When the authentication feature (EasyAuth) is activated on a function app and setup with Azure Active Directory, if the function app restart when there are still HTTP requests incoming, the function app stays unhealthy.

Azure Function Setup:

Authentication feature setup:

Repro steps

Provide the steps required to reproduce the problem:

1) Create a function App with a HTTP trigger (can be just a return ok 200) hosted on an app service plan (P3v2) using docker image 2) Setup the app registration in Active Directory for this API with token OAUTH 2.0 3) Activate the authentication feature on this API with the identity provider Microsoft 4) Execute constant HTTP Request load (+-100 Requests Per Second) using artillery, loader-IO, or other loading test tools with a valid bearer token 5) Stop the function app during the load 6) Wait for some execution errors 7) Start the function app

At this stage, the function app will not reply anymore until a restart after end of load.

Expected behavior

The function app should restart even if there is constant HTTP request load and process incoming requests

Actual behavior

The function stays unhealthy

Known workarounds

Block the incoming requests and restart the function

Additional information

If we do the same test with authentication feature deactivated, the function app restart correctly and the load test continue without any issue...

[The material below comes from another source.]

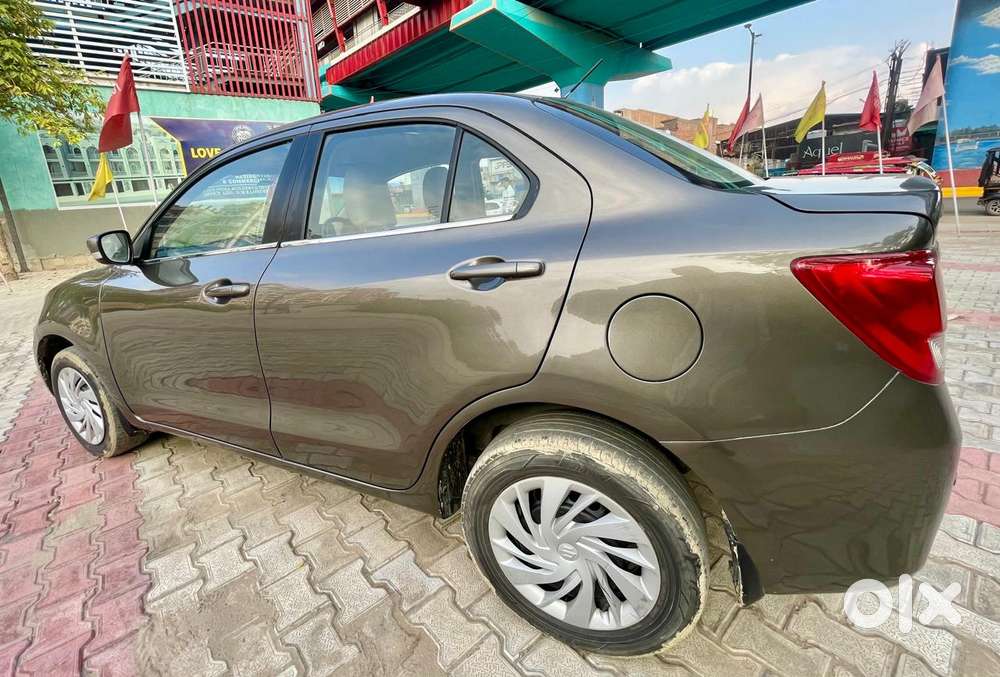 Maruti Suzuki Swift Dzire Vdi Optional, 2018, Diesel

When the function app is unhealthy we don't see any logs in kudu log stream for appsvc/middleware or msiProxy explaining the situation even if the have activated the filesystem application logging feature in the portal.

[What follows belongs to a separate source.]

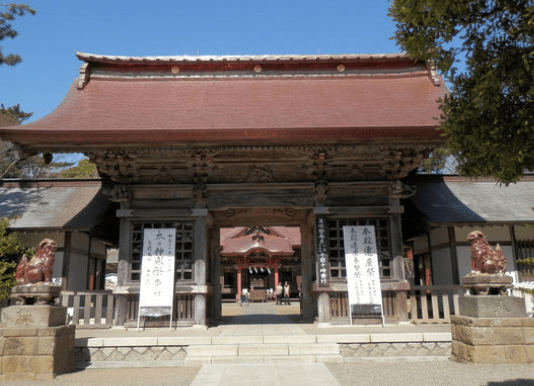 大洗磯崎神社の門-min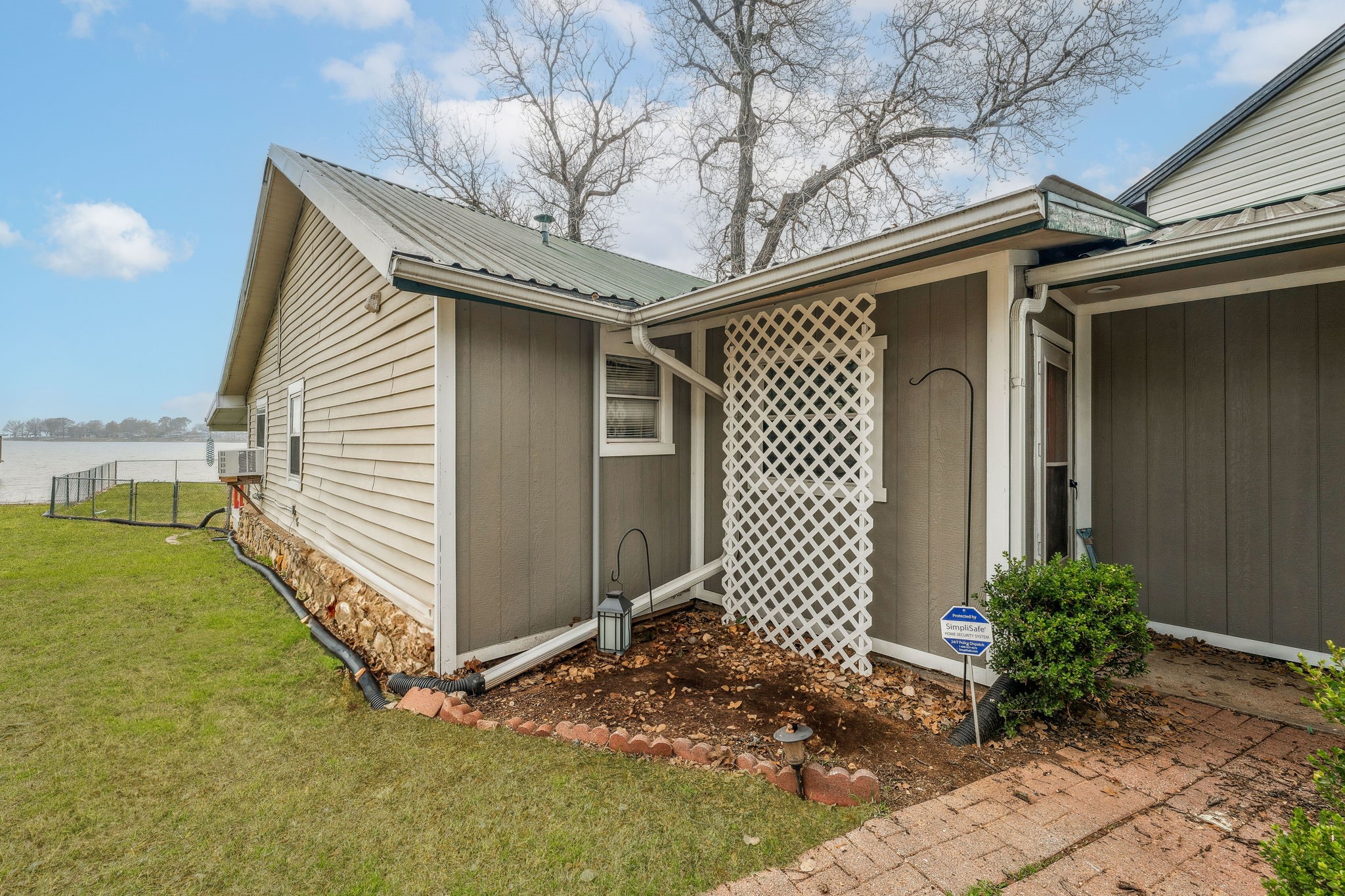 1662 Rogers Road Newark TX 76071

v-anvari commented 2 years ago

Hi @dhtek , Can you share the invocation id, Region name and timestamp

dhtek commented 2 years ago

Hi @v-anvari,

I can give you the region: West-Europe, but for the invocationId it will be difficult as the incoming requests aren't received by our function app after the stop-start so not really invoked and injected in Application Insights.

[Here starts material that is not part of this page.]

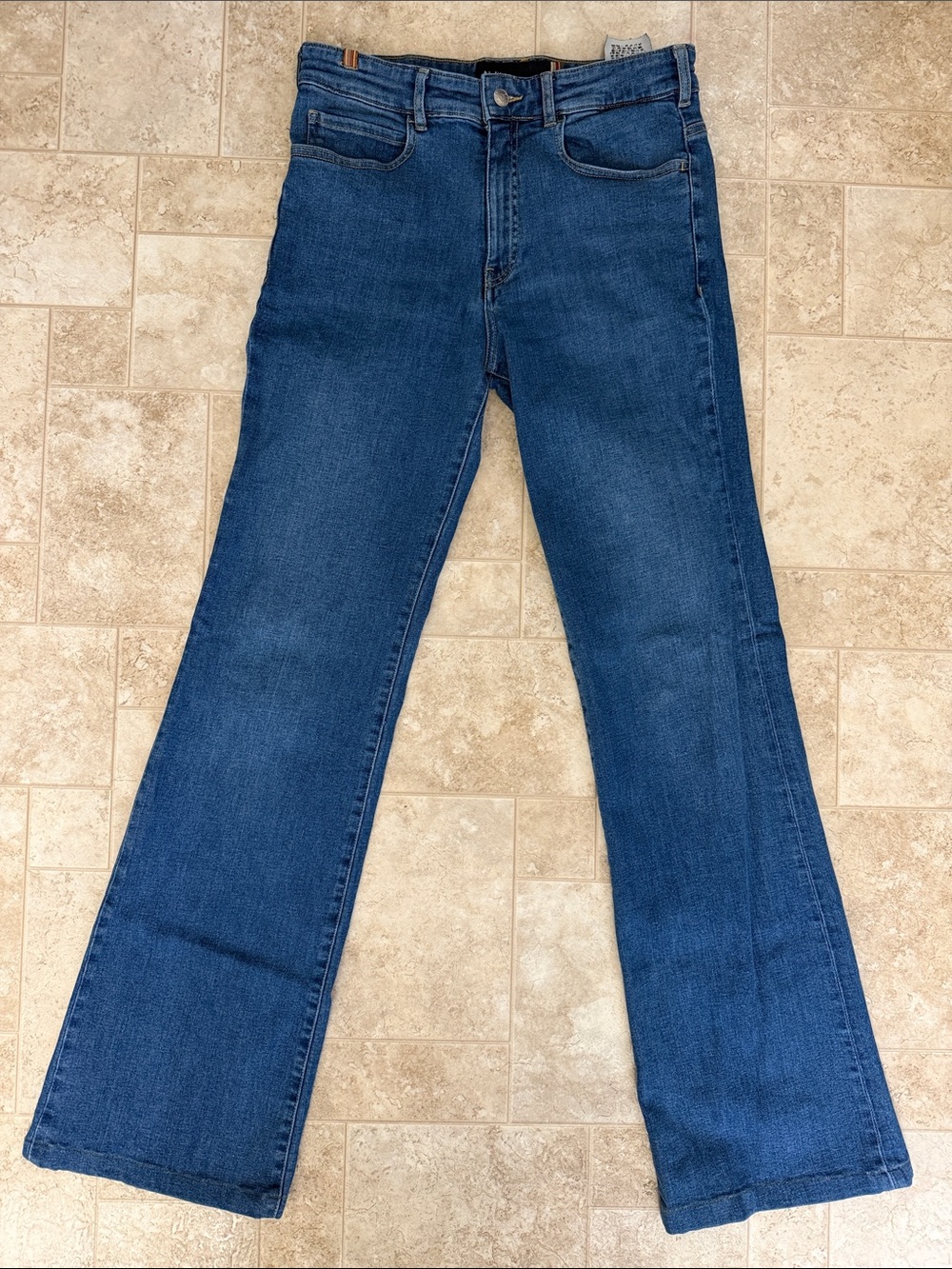 Notify Light Wash Denim Jeans with Signature Tag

After investigation from my side, I discovered that +-30 minutes after the test load I got this error in the _easyauth_docker.log

2021-11-08T15:44:44.602139065Z [41m[30mfail[39m[22m[49m: Middleware[0] 2021-11-08T15:44:44.602200067Z Failed to forward request to application. Encountered a System.Net.Http.HttpRequestException exception after 2250710.892ms with message: An error occurred while sending the request.. Check application logs to verify the application is properly handling HTTP traffic.

2021-11-08T15:44:44.943409704Z [41m[30mfail[39m[22m[49m: Middleware[0] 2021-11-08T15:44:44.943558107Z Failed to forward request to application. Encountered a System.Threading.Tasks.TaskCanceledException exception after 1302139.557ms with message: The operation was canceled.. Check application logs to verify the application is properly handling HTTP traffic.

It seems that this log is generated by the RequestForwarder from Microsoft.Azure.AppService.Middleware.Forwarding

catch (Exception e)
{
string message = $"Failed to forward request to application. Encountered a {e.GetType()} exception after {requestTime.Elapsed.TotalMilliseconds:F3}ms with message: {e.Message}." + " Check application logs to verify the application is properly handling HTTP traffic.";
logger.LogError(message);
string internalTelemetryMessage = $"HTTP proxy request encountered exception.\nType: {e.GetType()}\nMessage: {e.Message}\n StackTrace: {e.StackTrace}";
if (e.InnerException != null)
{
    internalTelemetryMessage += $"\n\nInnerException\nType: {e.InnerException!.GetType()}\nMessage: {e.InnerException!.Message}\n StackTrace: {e.InnerException!.StackTrace}";
}
MiddlewareTrace.TraceError(internalTelemetryMessage);
context.Response.StatusCode = 500;
}

which is weird because the HTTP client is configured with a default Timeout of 300 seconds

RequestForwarder requestForwarder = new RequestForwarder(targetHostUri, rewrite, logger, TimeSpan.FromSeconds(300.0));

Unfortunately, I didn't found a solution to activate trace log level for the middleware which can be helpful, do you have any idea what I can do this ? There is two loggers one using TraceSource in this class MiddlewareTraceand the standard .net core logger

It looks like the middleware start to forward requests before that the destination container (my function app) is up and running

Thanks for the help

v-anvari commented 2 years ago

Thank you for the details. We are following up with the concerned team for further insights.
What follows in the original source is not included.